Selain tegangan antartokoh, perlu juga melihat posisi antara simbol-simbol yang membunyikan latar cerita, Rumah Amangboru dan Panti Jompo. Keduanya mewakili institusi dan semangat yang berbeda, tradisional dan modern. Narasi soal Rumah Amangboru, meskipun muncul sedari awal,  semakin lama bentuknya semakin samar, sebagaimana terproyeksi dalam mimpi Haji Sudung. Sebaliknya, narasi mengenai Panti Jompo terus diungkapkan hingga akhir cerita, mendekati kepastian yang kini dan akan. Sekuat apa pun masa lalu dipancing, mustahil bisa direngkuh kembali, seturut Rumah Amangboru, bagai artefak yang membatu dalam memori Haji Sudung.

Saya rasa ada benarnya jika keseluruhan suasana cerita diwakilkan kata ‘Entahlah!’. Segalanya terasa berdiri di persimpangan. Hal ini memengaruhi pergerakan narator dan tokoh-tokoh dalam cerita. Meski menggunakan sudut pandang orang ketiga, narator terlalu ikut campur. Suasana Entahlah ini disemainya merata, misalnya pada penutup cerita:

Malam itu, sambil mendekap buntalan tasnya, Haji Sudung tak sabar untuk segera tertidur. Ia ingin berlari memburu pagi. Atau, mana tahu wangi tanah kelahiran lebih dulu hinggap ke dahan mimpi. Bukan mimpi buruk tentunya. Namun, siapa yang bisa mengetahui isi mimpinya? Sebab, dalam kegelisahan tidur, mulut Haji Sudung hanya lumat oleh igau yang berantakan.

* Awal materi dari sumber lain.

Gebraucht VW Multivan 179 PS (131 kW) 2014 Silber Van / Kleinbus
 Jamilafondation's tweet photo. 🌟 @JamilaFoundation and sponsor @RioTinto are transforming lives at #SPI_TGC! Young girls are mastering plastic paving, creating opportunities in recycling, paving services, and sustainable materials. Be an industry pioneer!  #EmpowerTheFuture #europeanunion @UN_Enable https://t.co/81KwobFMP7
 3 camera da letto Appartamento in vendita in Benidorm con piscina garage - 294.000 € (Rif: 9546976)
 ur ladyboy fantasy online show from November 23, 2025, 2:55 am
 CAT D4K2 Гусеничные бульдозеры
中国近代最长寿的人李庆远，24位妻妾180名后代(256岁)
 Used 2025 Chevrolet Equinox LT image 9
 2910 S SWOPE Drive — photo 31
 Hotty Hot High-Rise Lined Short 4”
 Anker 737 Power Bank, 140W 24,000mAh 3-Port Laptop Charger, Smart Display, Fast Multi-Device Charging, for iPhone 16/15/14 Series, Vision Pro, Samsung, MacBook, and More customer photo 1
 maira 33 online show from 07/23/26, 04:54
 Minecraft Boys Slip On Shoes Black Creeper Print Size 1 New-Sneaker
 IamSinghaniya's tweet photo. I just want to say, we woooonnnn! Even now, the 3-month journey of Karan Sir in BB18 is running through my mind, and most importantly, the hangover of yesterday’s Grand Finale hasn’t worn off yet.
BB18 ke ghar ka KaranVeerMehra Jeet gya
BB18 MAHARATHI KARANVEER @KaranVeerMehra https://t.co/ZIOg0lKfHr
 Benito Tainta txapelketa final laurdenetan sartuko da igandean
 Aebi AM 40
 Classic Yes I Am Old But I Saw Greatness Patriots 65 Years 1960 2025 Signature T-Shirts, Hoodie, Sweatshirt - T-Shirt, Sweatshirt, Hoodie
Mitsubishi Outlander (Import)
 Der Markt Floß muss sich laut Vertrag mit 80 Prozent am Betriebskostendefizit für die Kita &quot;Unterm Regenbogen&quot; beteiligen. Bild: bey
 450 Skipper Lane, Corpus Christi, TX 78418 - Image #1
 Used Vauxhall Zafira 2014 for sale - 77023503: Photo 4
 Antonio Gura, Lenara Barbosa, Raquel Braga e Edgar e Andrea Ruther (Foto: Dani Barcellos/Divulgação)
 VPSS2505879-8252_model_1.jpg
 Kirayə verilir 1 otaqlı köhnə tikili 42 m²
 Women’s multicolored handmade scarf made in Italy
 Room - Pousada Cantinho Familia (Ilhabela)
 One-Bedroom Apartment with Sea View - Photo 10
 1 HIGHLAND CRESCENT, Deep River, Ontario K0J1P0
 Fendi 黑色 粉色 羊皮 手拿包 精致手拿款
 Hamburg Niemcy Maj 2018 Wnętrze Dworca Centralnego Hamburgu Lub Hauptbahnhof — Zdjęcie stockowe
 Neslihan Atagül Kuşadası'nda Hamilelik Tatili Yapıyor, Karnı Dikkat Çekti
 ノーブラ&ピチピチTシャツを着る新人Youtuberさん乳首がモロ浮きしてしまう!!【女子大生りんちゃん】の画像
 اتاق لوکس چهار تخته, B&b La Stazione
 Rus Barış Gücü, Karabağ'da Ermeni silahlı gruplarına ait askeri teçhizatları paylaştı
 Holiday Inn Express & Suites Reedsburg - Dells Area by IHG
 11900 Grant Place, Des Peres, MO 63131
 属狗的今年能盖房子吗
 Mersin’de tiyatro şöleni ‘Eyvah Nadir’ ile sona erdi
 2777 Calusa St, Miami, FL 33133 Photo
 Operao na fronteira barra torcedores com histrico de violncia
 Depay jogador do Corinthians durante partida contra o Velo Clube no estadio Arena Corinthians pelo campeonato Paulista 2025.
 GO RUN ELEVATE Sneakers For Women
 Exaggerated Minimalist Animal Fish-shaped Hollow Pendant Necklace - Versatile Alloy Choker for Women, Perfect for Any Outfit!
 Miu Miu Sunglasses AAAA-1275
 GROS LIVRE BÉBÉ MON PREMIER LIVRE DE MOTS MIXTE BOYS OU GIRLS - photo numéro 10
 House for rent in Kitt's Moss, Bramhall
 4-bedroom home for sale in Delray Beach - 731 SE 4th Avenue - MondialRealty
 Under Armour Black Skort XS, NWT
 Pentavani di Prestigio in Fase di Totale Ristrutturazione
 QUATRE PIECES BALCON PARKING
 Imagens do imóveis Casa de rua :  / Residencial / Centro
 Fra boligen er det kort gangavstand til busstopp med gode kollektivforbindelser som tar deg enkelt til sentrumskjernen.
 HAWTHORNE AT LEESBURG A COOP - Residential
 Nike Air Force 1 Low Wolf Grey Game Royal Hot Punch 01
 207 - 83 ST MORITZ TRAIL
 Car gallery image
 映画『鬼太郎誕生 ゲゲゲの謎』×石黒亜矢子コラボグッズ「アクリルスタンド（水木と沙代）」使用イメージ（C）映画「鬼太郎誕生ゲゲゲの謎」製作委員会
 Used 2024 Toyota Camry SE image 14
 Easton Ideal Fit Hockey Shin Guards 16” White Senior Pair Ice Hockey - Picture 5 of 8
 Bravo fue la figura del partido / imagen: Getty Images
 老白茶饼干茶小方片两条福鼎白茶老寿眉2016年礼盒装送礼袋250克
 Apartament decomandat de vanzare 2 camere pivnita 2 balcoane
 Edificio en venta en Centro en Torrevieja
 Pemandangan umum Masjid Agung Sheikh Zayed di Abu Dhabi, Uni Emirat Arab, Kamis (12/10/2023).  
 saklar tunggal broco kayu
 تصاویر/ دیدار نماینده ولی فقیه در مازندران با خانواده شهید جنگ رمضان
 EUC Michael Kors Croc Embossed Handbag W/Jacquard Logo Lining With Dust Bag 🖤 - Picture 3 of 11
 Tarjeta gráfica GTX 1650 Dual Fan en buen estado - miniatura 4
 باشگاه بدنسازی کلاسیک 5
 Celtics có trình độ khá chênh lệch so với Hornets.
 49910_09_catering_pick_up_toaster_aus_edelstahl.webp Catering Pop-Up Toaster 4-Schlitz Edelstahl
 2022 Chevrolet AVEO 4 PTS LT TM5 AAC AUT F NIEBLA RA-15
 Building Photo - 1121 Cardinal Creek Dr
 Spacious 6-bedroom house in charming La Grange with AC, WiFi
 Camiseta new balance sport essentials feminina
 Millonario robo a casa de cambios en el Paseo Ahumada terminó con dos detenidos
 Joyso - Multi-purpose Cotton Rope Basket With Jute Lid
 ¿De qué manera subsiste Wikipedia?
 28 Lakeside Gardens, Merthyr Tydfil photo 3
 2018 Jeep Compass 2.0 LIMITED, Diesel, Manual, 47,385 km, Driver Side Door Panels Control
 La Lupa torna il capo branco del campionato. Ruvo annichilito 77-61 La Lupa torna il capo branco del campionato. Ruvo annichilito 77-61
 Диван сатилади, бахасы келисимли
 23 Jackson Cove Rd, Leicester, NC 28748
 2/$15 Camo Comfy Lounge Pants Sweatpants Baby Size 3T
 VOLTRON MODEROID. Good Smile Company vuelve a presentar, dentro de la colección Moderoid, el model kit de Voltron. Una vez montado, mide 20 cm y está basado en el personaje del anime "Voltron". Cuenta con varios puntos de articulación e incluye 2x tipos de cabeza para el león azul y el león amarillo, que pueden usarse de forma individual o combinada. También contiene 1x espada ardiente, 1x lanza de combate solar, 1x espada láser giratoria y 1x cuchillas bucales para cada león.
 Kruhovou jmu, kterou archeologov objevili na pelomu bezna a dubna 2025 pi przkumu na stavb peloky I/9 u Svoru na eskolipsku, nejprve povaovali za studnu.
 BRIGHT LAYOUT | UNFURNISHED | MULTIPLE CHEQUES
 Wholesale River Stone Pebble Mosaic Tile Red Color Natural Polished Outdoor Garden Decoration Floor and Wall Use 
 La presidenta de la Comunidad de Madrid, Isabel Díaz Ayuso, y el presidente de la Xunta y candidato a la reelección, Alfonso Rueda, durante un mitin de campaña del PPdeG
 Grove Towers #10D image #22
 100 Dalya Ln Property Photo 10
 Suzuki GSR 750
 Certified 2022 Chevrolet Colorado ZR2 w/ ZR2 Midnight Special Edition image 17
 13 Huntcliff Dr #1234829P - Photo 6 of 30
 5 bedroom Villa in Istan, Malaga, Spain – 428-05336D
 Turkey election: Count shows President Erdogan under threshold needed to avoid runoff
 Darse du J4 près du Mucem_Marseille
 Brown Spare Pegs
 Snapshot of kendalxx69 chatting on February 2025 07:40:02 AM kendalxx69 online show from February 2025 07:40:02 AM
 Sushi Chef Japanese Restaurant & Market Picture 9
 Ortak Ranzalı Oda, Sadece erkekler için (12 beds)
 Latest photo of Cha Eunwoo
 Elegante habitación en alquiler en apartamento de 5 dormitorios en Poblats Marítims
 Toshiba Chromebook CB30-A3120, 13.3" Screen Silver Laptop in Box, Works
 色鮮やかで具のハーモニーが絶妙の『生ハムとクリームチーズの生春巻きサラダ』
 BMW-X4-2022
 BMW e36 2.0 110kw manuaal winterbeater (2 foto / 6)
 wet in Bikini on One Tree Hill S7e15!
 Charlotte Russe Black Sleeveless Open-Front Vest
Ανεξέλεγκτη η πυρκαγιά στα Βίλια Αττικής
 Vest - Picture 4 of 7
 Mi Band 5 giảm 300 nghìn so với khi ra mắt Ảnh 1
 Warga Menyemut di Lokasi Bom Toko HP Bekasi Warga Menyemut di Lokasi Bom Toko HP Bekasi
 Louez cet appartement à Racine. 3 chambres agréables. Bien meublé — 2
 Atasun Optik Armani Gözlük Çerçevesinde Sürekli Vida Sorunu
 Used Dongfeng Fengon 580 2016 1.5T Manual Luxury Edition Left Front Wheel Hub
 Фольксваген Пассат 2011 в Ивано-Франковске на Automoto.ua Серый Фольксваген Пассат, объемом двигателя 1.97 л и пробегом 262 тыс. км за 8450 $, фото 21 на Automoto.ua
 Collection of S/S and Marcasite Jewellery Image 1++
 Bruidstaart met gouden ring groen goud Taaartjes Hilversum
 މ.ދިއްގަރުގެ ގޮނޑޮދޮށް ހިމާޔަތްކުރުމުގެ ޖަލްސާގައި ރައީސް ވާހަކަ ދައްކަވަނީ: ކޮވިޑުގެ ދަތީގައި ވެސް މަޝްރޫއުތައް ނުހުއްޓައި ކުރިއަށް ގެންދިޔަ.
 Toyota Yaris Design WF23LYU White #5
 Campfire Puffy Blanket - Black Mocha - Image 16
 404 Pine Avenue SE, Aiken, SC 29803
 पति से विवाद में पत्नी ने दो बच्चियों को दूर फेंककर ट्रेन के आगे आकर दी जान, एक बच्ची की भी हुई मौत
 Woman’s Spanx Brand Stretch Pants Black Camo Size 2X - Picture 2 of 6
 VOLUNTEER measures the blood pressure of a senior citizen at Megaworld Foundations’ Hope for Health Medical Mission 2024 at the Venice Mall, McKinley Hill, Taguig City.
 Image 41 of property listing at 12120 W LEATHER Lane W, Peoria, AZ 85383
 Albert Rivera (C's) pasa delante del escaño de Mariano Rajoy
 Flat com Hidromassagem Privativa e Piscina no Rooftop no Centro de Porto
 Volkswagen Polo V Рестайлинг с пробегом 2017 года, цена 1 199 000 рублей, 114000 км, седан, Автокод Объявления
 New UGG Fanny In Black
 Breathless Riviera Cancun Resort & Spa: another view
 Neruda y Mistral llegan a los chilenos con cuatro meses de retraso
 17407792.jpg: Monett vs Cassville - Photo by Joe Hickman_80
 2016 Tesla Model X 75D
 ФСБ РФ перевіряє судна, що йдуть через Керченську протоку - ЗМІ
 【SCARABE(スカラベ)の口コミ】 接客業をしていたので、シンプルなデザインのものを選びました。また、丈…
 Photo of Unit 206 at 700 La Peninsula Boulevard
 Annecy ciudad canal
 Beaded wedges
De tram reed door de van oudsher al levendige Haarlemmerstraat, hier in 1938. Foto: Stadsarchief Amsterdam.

”Ini bukan kampungku! Ini bukan rumahku!”

Nyatanya Haji Sudung belum tentu kembali ke kampung halaman. Akhir cerita menggantung. Pembaca dibiarkan menafsir sendiri, sama persis lagaknya ketika kata “Entahlah!” itu muncul kali pertama. Setiap Haji Sudung akan tertidur, ia selalu berhadapan dengan kecemasannya. Kecemasan itu adalah perasaan tercerabut dari akar!***


[1] Banna, H. (2011). Rumah Amangboru. Depok: Penerbit Koekoesan.

[2] Didipu, H. (2020). Teori Naratologi Gérard Genette (Tinjauan Konseptual).

Telaga Bahasa, 7(2), 163—172. https://doi.org/10.36843/tb.v7i2.58

[3] Landy, Joseph A. (1972). “A Study Of  The Short Story”. Manila: Jesuit Adecational Association.

[4] Neckel, S. (1996). Inferiority: From collective status to deficient individuality.

The Sociological Review, 44(1), 17-34.

[5] Suryajaya, M. (2024). Kesusastraan, Kehancuran. Jakarta: Velodrom.